The group that represents top technology executives in Washington lauded the United States-Mexico-Canada Agreement (USMCA) on Wednesday as the new North American trade deal came into force.
“The USMCA is a rare, bipartisan triumph, but the real winners today as the agreement is implemented are American consumers and employees," said TechNet president and CEO Linda Moore.
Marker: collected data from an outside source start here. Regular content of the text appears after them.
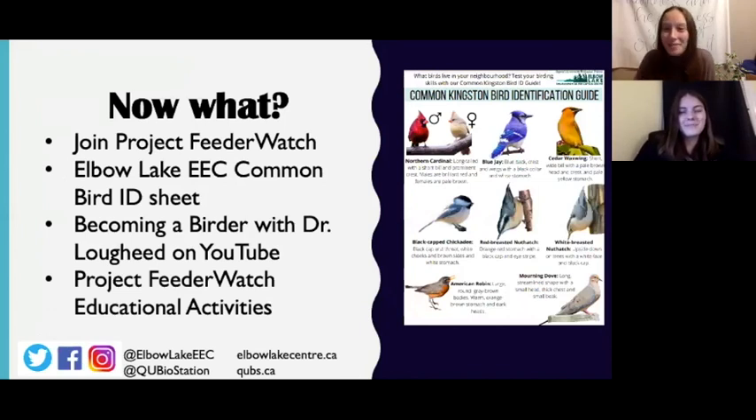Thanks for that explanation, Lindsay. Now that you have a rough idea about some of the different birds you may see around the Kingston area, first and foremost we would suggest you join Project FeederWatch — it's a really valuable project and your observations can contribute to science and data globally. If you're wanting to learn more about how to ID different birds, there is a common bird ID sheet on the Elbow Lake Environmental Education Center's website. There's also more information about how to go birding and a Q&A with Dr. Lougheed found on YouTube, and a variety of educational activities on the Project FeederWatch website covering math, art, science, and history. All of these links should be in the YouTube description below. Thanks so much for joining us today — we can't wait to hear what birds you find!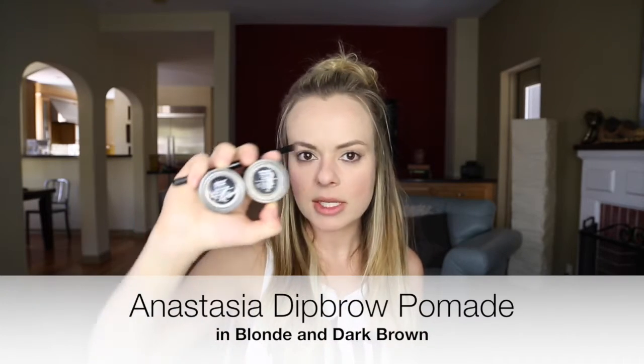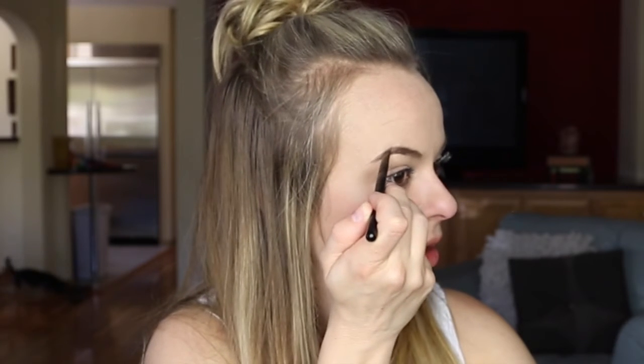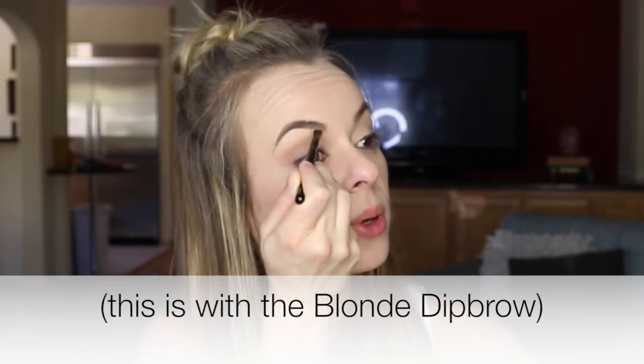Now I'm going to do eyebrows using a combo of the Anastasia dip brow pomades — a blend of the blonde and the dark brown. I'll use the dark brown mostly on the tail of my eyebrows. To use these dip brows you really need a pretty stiff angled brush because a floppier one just doesn't work as well. I'm going through the arch all the way through the tail with the darker shade, then I'll use the blonde on the front area. I like to start with a line on the bottom border of my eyebrow and then feather it up to fill in.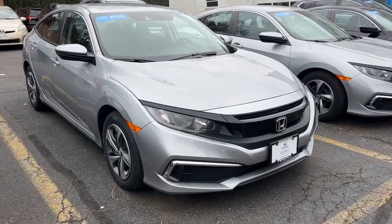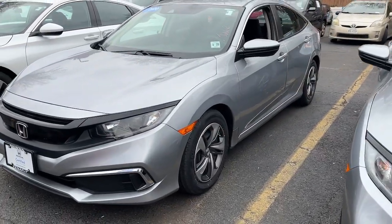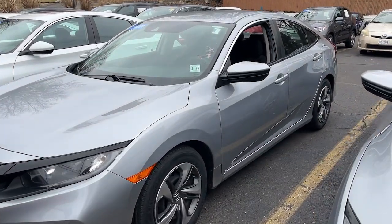You're gonna love the 2020 Honda Civic. With less than 35,000 miles on the odometer, this vehicle provides excellent value.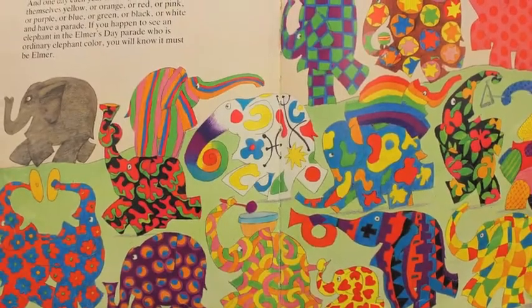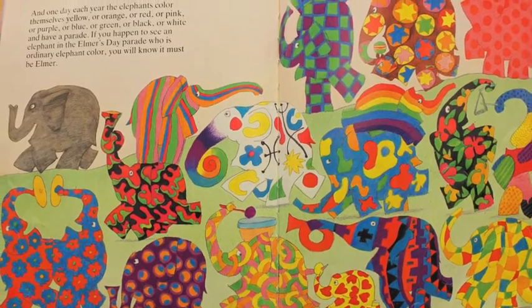This solution is short-lived when Elmer realizes that the other elephants miss him and the fun that he provides. In the end, the elephants find a way to celebrate Elmer's uniqueness.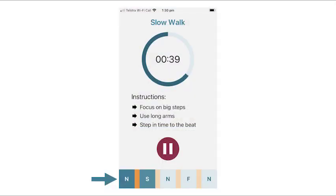For slow walks, focus on big steps, use long arms and step in time to the beat.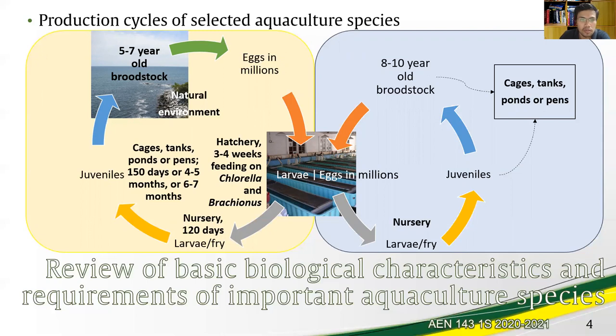In the integrated industry, there are assemblers or distributors who sell or market fingerlings or fry to grow-out operators or growers. It is the growers who grow the fingerlings or juveniles in cages, tanks, ponds, or pens, and they are ready for harvest after 150 days, or four to five months.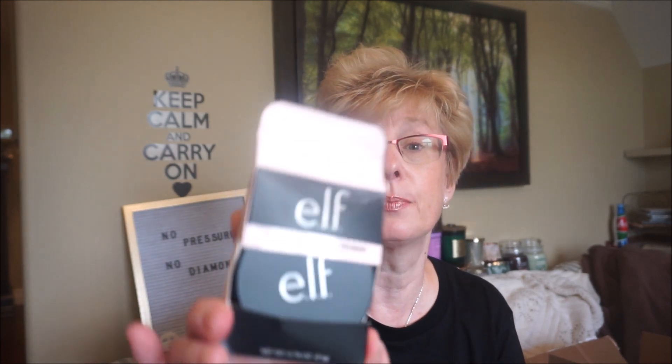This is the Elf Poreless Putty Primer. Everyone's been comparing this to the Tatcha Poreless Primer. I do have the Catrice one which I really like — you can order that off Shoppers or Walmart. It just kind of blurs the pores and smooths things out for an airbrush look. But everyone's been raving about the Elf one, so I thought, what the heck, let's try it. It certainly is smooth and feels kind of moisturizing. I know L'Oreal has something similar but it's much more mousse-y and more expensive.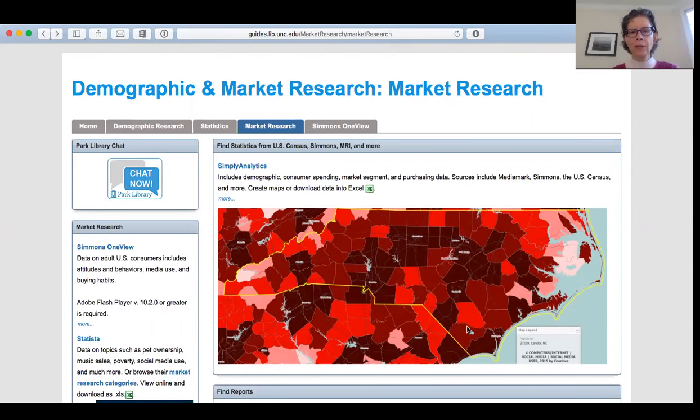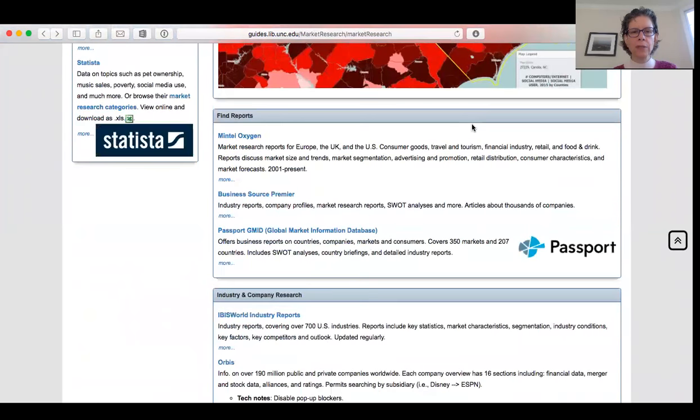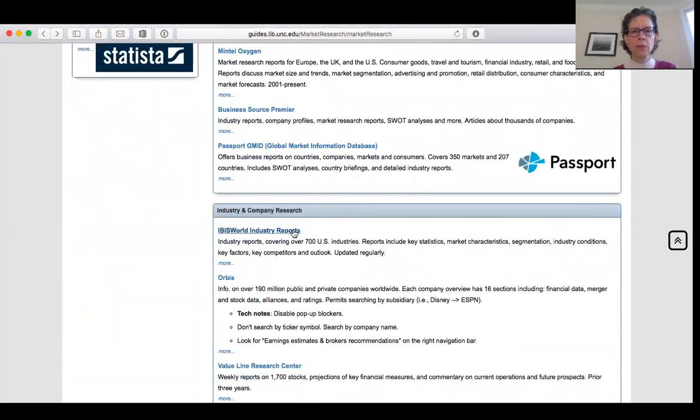Hi, here's how to find market research for, in this case, hard cider. Go to guides.lib.unc.edu/market-research/market-research. Scroll down. In this case we're going to start with IBISWorld, which is right here.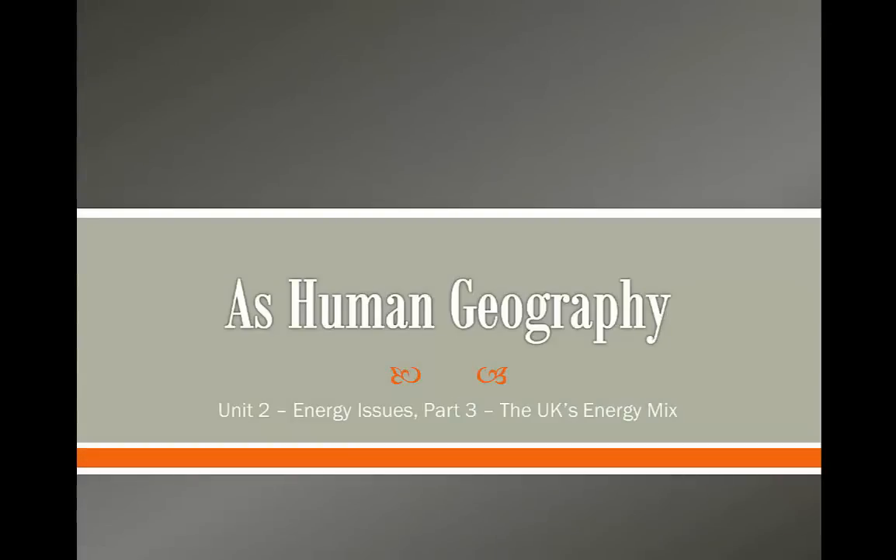Hello students and welcome to the next lesson in our AS level Human Geography course. Today we're going to be looking at the UK's energy mix.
"More than 12 million U.S. jobs are supported by trade, and having an agreement with our top two trading partners that reflects today’s economy with a first-of-its-kind digital trade chapter is long overdue," added Moore.
The USMCA, a replacement for the quarter-century-old North American Free Trade Agreement (NAFTA), formally entered into force Wednesday.
The new deal includes regulations on digital commerce, a major gap in NAFTA, which was negotiated in the early 1990s.
President Trump campaigned against NAFTA, which he repeatedly called "the worst trade deal ever," and successfully pushed Mexico and Canada to negotiate the USMCA amid threats of leaving the old deal without a replacement.
Congress passed the USMCA in a bipartisan manner, although progressives fretted about enforcement of the deal's labor chapter — another novelty vis a vis NAFTA — and amid controversy over the deal's potential effects on pricing for pharmaceutical drugs.
Still, the deal's approval was a rare show of bipartisanship on a controversial issue.